最初の学術誌は1665年1月5日にパリで創刊された「ジュルナル・デ・サヴァン」である。文筆家ドニ・ド・サロが編んだこの週刊誌は、新刊書の紹介とともに実験や観察の報告を載せた。わずか2か月後の同年3月、ロンドンでは王立協会の事務局長ヘンリー・オルデンバーグが「フィロソフィカル・トランザクションズ」を創刊する。こちらは現在も刊行が続く、世界最古の科学専門誌だ。それまで研究成果は分厚い書物か私信で伝えられていた。雑誌という形式は、発見を小さく速い単位で公表し、誰が最初に何を見つけたかを日付つきで登録する仕組みを科学に持ち込んだ。以後の科学は、この「論文」を積み木として組み上がっていく。

数える科学 — 1964年のもう一つの発明

論文を国別に「数える」営みは、形式の誕生からずっと遅れて始まった。1955年に情報科学者ユージン・ガーフィールドが引用索引の構想を発表し、1964年に613誌・約140万件の引用を収めた「サイエンス・サイテーション・インデックス」を刊行すると、論文と引用は初めて集計可能なデータになった。どの国がどれだけ論文を出しているかという統計は、この索引化の延長線上にある。本ランキングの原典である米国科学財団の統計も、収録誌データベースに基づいて物理学から臨床医学までの論文を数え、複数国の共著は所属国に按分している。研究開発への投入を測る国別研究開発費(GDP比)の推移と対になる、産出側の物差しである。

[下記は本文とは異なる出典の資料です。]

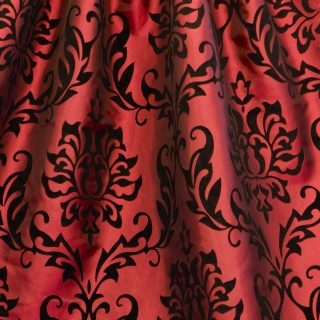 57.1906.021 Taft Flock Luxurious bordeaux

蝋燭の灯りの下で手紙に封蝋を押す17世紀の学者を描いた水彩とインクのイラスト

重心は東へ動いた

その物差しが捉えた四半世紀の変化は劇的だ。1996年の首位は米国の313,392本で、2位日本88,807本、中国は33,621本の9位にすぎなかった。中国は2005年に165,262本、2010年に307,848本と駆け上がり、2016年に430,350本で米国431,808本へ肉薄、2017年に逆転した。2023年には932,712本と、米国430,843本の2倍を超える。編集部でチャートを1996年から年次送りすると、2010年代半ばに中国のバーが軸の伸び方ごと画面を作り替えてしまう瞬間がはっきり見える。インドも18,905本から228,174本へ増えて3位に定着し、2016年には日本を追い抜いた。イラクは229倍、インドネシアは128倍、イランは85倍という急伸で、研究出版はもはや一握りの先進国の営みではない。この裾野の広がりは、国別高等教育就学率の推移国別教育費(GDP比)の推移が示す教育投資の拡大と地続きである。

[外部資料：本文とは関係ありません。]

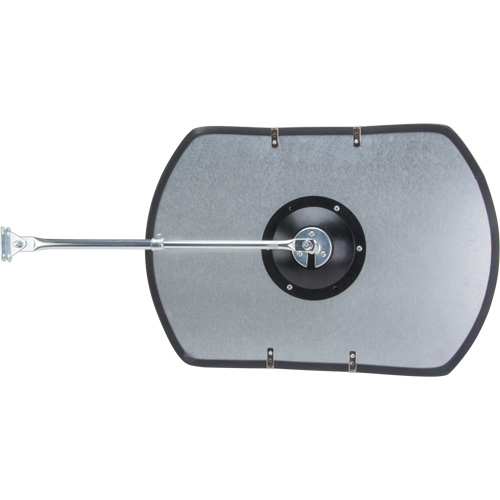 Roundtangular Convex Mirror with Telescopic Arm, 12" H x 18" W, Indoor/Outdoor Cam Industrial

動いたのは首位争いだけではない。韓国は8,867本から71,724本へ増えて17位から9位に上がり、ブラジルは7,646本から58,292本へ、トルコは5,041本から50,180本へ伸びた。ロシアは1996年の34,672本から2010年の33,835本まで14年間ほぼ横ばいを続けた後、2023年に85,558本へ急増するという他にない軌跡を描く。上位30か国の合計は882,031本から2,864,524本へと3.2倍になり、世界の研究出版そのものが四半世紀で桁を変えた。

日本の停滞と、数字が測らないもの

対照的に日本は、2006年の112,743本をピークに減少へ転じ、2023年は96,543本で6位まで下がった。27年間の伸びは1.1倍で、収録30か国中もっとも低い。ただし論文数は量の指標であり、被引用の影響度や研究の質は別の物差しで測る必要がある。収録誌データベースの範囲に左右される点や、英語誌中心の集計になりやすい点も割り引いて読みたい。それでも、発見を論文として登録し、審査し、数えるという1665年以来の仕組みが、いま世界の数十か国を競争へ引き込んでいることは数字の上で動かない。論文が特許となり製品となって国境を越える先の姿は、国別特許出願件数(居住者)の推移国別ハイテク製品輸出額の推移で追える。そして投稿も閲読もオンラインが当たり前になった今日、その足元を支えるのは国別インターネット利用率の推移が描いた接続の普及である。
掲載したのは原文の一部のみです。